I am not really disagreeing with you. I have also met a lot of people like
this.

I was trying to point out 1) How it has become really hard to work your way
out of poverty with an entry level job these days. 2) How a life of constant
failure and lack of guidance leads to personality trait which seems to almost
predisposed towards failure.

"even if your girlfriend breaks up with you, you still get your butt into work
the next day. No whining, no excuses. It might not be the Greatest Job Ever
(tm), but it's better (IMHO) than sitting around leeching off family."

This shows a good work ethic in you, a strong sense of values and I agree with
it and admire it. But having raised in a tightly-knit family with no financial
issues, I wonder how I would have turned out if I had grown up in the a family
like the one mentioned in the article.

------
pjdorrell
It seems that we have constructed a world of jobs where consistency is the
primary value, even though the end goal is just to get some work done.

On the Internet we have constructed systems that accept contributions from
people that can be as little or as much as they want to contribute - like
Wikipedia, or newsy sites like Hacker News, or Github. These websites succeed
where those that require too much up-front commitment fail. Like Nupedia (or
even SourceForge, in the old days, when it was the "go-to" place for open-
source development).

Out in the real world we still demand (mostly), mandatory minimum levels of
commitment. Or, where work can be casual, it gets paid much less than the
"regular" jobs.

There are opportunities for any company that can work out how to make use of
those who want to work, at least some of the time, but who are unable or
unwilling to commit to 8 hours a day, 5 days a week, 50 weeks a year.

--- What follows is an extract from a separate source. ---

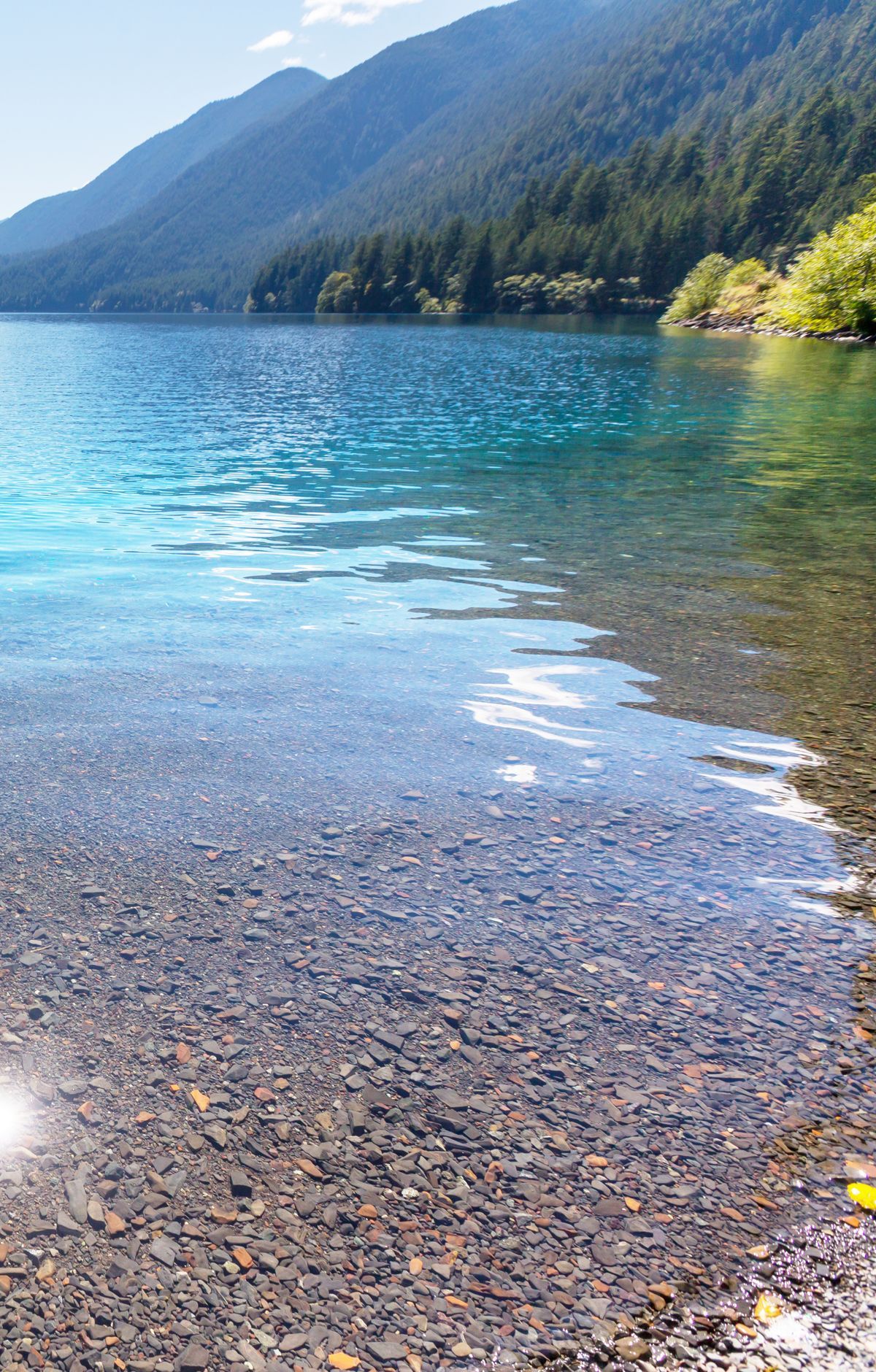 Lake Crescent and Marymere Falls, Olympic National Park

We could blame the contributors of Nupedia for the failure of that website.
And we could blame all those open-source programmers who were too lazy to jump
through the minimal set of hoops that SourceForge required for contributors,
for the demise of that website. But we know that better alternatives exist,
which are more tolerant of slackness and lack of commitment from their
contributors. So we can see that those older websites were not the best
possible way to organise how to get people to contribute their efforts.